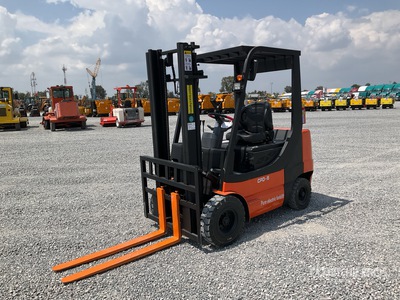 2025 STARVOX CPD-15 3300 lb Montacargas Electrico (Sin Usar) / Chariot Élévateur Électrique (Unused)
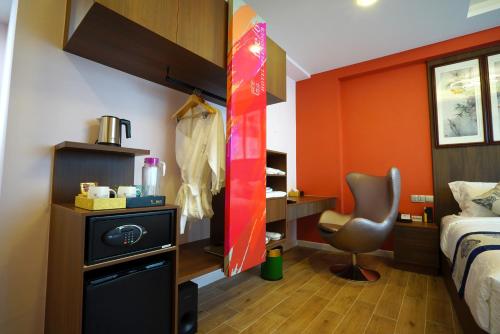 a bedroom with a bed and a desk and a chair at five6 Hotel Splendour in Singapore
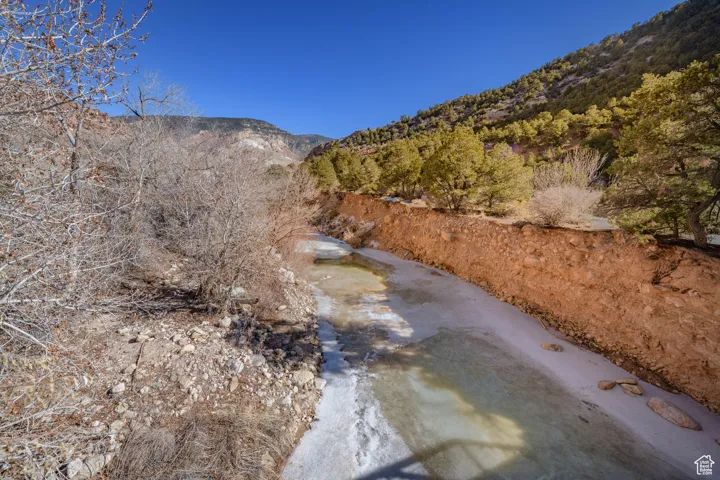 View of mountain feature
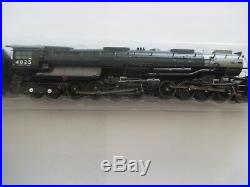 Athearn N Scale Union Pacific #4023 4-8-8-4 Big Boy Steam Locomotive DCC/Sound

━━━

• The task: Set the pictures aside and transcribe the data above exactly.

• Output of the exercise:
 2025 STARVOX CPD-15 3300 lb Montacargas Electrico (Sin Usar) / Chariot Élévateur Électrique (Unused)
 a bedroom with a bed and a desk and a chair at five6 Hotel Splendour in Singapore
 View of mountain feature
 Athearn N Scale Union Pacific #4023 4-8-8-4 Big Boy Steam Locomotive DCC/Sound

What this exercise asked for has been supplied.